Here’s what I think we need to drive this change:  General counsel have to stand up and demand what their clients deserve, and not what their legal teams want to provide them (which is often defined as a good result because we got a 5% discount).  They have to drive the complete re-engineering of their own internal department structure and operations before they can truly demand and leverage improved services from outside providers: from firms to ALSPs.  They need to realize that their lawyers will be lumped into the same pile of irrelevant, overly-expensive, and/or inefficient workers as their similarly trained and practicing outside brethren.  The fact that law departments are increasingly likely to insource work because it costs less than outside firms, doesn’t mean that in-house practitioners drove the right work, the right way, and got the right results, nor does it mean that there isn’t someone else outside the company and their firms who can deliver the client’s preferred results better, faster and cheaper than either their law firms or their inhouse team.

GCs have got to stop running legal departments like they’re mini- or institutionally-specialized law firms.  There are lots of law firms out there for clients to hire if that’s what they want.  GCs need to re-think service delivery at the next level, just like they were doing when I joined ACC and folks started talking about how they might better leverage their teams to drive value they couldn’t rely on getting from their outside firms in the first rounds of the value movement.  The next level requires them to deploy data analytics to inform legal and executive decision-making; it requires them to eliminate, not just better manage corporate fails or disputes; it requires lawyers to provide astute judgment that helps address and solve complicated problems, not just apply their legal acumen to the interpretation of the regulations governing the industry; it requires them to think about how big-brained lawyers can help their clients advance the business, not just defend it when it’s sued.  And they need a department team that can drive those results, not just talk about them at innovation conferences.  Only then will they successfully drive the law firm market to put up or get out of the way.  People do what they’re paid to do: in departments and in firms.  Until general counsel make it clear what they are paying their teams – inside and out – to do and to not do, nothing will change fast enough to save us all from being replaced by other more effective providers.

Many lawyers are resistant to the idea of changing how they practice law.
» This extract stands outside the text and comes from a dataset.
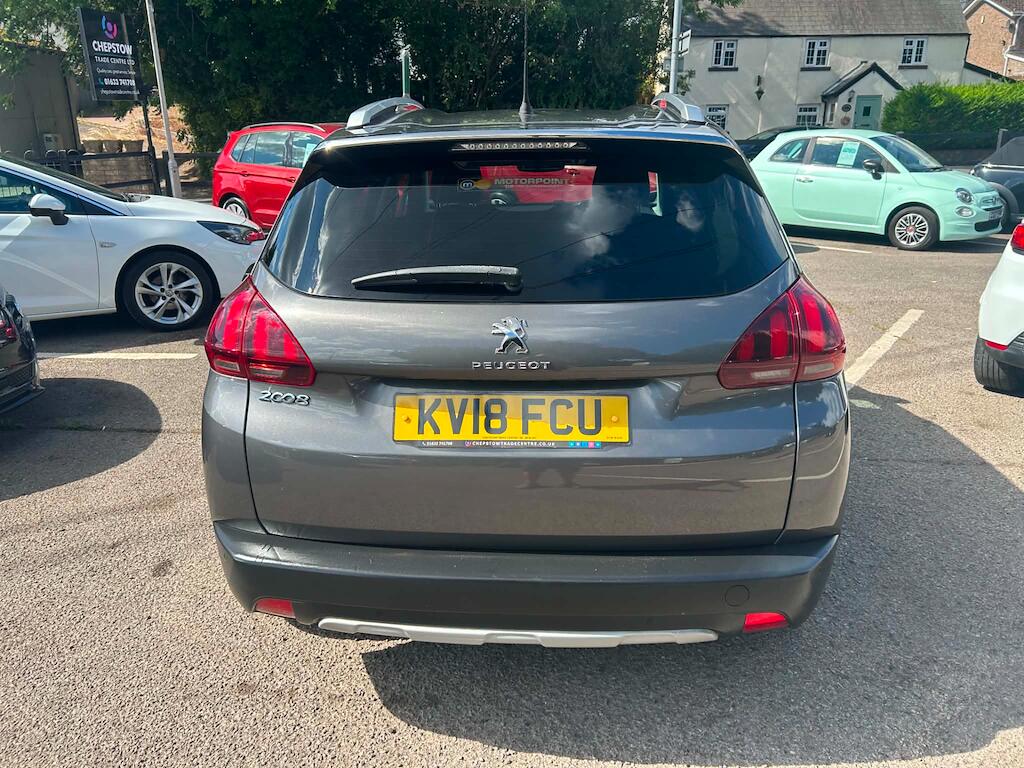 Peugeot 2008 view 3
How do you make a compelling case for the need to change?

In conclusion, I’ll be brief since we’ve really covered this subject throughout the conversation already, I’ll simply repeat the words of a great military leader: if you don’t like change, you’ll like irrelevance even less.  There are a million ways you can change the legal workplace or output; the hard part is getting lawyers to do it.  I go back to my statement about the importance of helping them define the better role they’ll move to in an improved workplace, before you talk about changing what they do now and that they’ve always connected to their defining value.  Change requires a willingness to move toward new practices; it’s not about simply moving away from existing ones. I’m confident that leaders in our profession have that vision.  I’m worried that they’re slow to articulate it, reward it, and risk it themselves.  The pace of change is accelerating, and lawyers who get too far behind won’t be able to catch up to sophisticated alternatives or keep up with clients who have higher expectations (that others have proven they can meet and exceed).